Why is $ \frac{x}{\sqrt{x^{2}+1}}=x^{4}-x$ considered impossible to solve? This is from Stewart's Transcendentals.

If we were to try to find the exact intersection points, we
would have to solve the equation $$ \frac{x}{\sqrt{x^{2}+1}}=x^{4}-x$$
This looks like a very difficult equation to solve exactly (in
fact, it's impossible), so instead we use a graphing device to draw
the graphs of the two curves in Figure 7.

Why is this equation considered imposible to solve?
What is the factor that indicates you to not even try and just go directly with a graphing program.
 A: Let me try to explain what this is saying. I am going to guess at some of the author's intentions, because what's written down is not quite precise.
First off, if you are doing problems at this level, what the author is really trying to communicate to you is: this problem looks too hard: it has a lot of terms (including a square root), with terms with pretty high degree, so from that you could guess that you probably don't have the mathematical tools to solve it algebraically, and thus will have to use a graphing calculator. This is not a precise, mathematical statement: any simple problem can me made to look hard just by adding a bunch of redundant terms that will cancel once you start simplifying it. But just based on how it looks, it's probably so complicated that you'll want to use a graphing calculator.
The author adds, as a side note/justification, that the problem is "impossible to solve".
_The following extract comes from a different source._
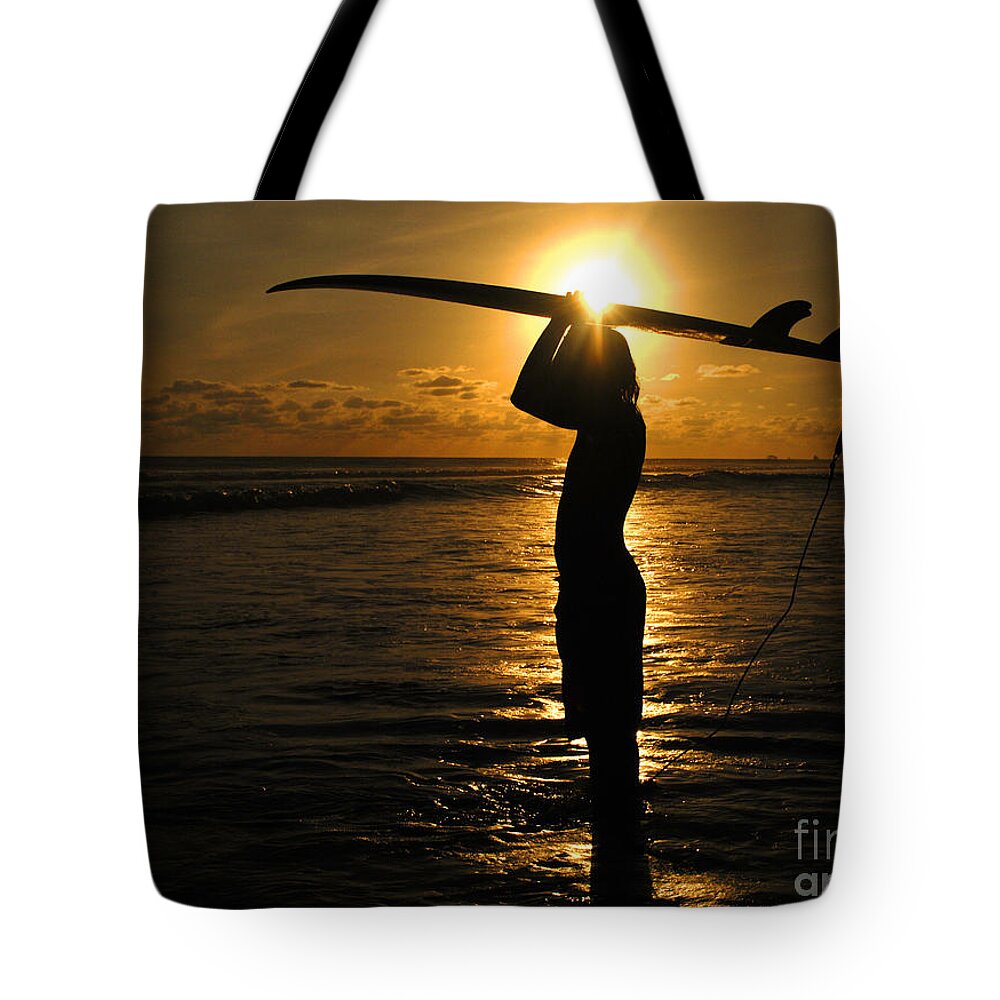 Athlete Tote Bag featuring the photograph Sunset Surfer Corcovado Costa Rica by Bob Christopher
Why is this equation considered imposible to solve?

That is a very hard question. The author is probably referring to the notion of "solvability in radicals": the ability to write down a root of a polynomial in terms of addition, subtraction, multiplication, division, and taking $n$-th roots. All polynomials of degree up to 4, that is, all equations of the form $ax^4 + bx^3 + cx^2 + dx + e = 0$, are solvable in radicals. There is a very famous theorem, the Abel-Ruffini theorem, which says that for polynomials of degree 5 and higher, there may not be solutions in radicals. For example, the equation $x^5 + x + 1 = 0$ has a solution, but you cannot write it down using just arithmetic and $n$-th roots.
For your problem, if you try to simplify it -- square both sides, then multiply by the denominator, then bring everything to one side -- you will see that you have a degree 10 polynomial. However, although some degree 10 polynomials do not have solutions in radicals, it is generally not at all easy to see which ones do and which ones do not. (In particular, 0 is a solution of your equation, and once you "eliminate" that one, you are left with a degree 6 polynomial -- almost down to degree 4!)
In fact it is true that you cannot write the solutions (other than 0) to that equation in radicals, but this is by no means easy to demonstrate or obvious. The author is just telling you, without expecting you to understand why at this stage.
A: Of course it is possible to solve this equation, but answer cannot be written in closed form.
$$\frac{x}{\sqrt{x^{2}+1}}=x^{4}-x,x\in\mathbb{R}$$
$$\frac{x}{\sqrt{x^2+1}}\left((x^3-1)\sqrt{x^2+1}-1\right)=0$$
$$x=0\lor (x^3-1)\sqrt{x^2+1}=1$$
Let find real root other than $x=0$.
$$(x^3-1)\sqrt{x^2+1}=1,x\in\mathbb{R}$$
$$(x^6-2x^3+1)(x^2+1)=1 \land x^3-1>0$$
$$x^8-2x^5+x^2+x^6-2x^3+1-1=0 \land x>1$$
$$x^2(x^6+x^4-2x^3-2x+1)=0 \land x>1$$
$$x^6+x^4-2x^3-2x+1=0 \land x>1$$
Real root of original equation other than $x=0$ is real root of $x^6+x^4-2x^3-2x+1=0$ which is greater than $1$. This root can be written in Wolfram Root notation (which is not part of commonly used closed form arrangement) as $Root(x^6+x^4-2x^3-2x+1,i)$, where $i$ is some integer number from $1$ to $6$. Numerical value of this root can be found using numerical methods or plotting.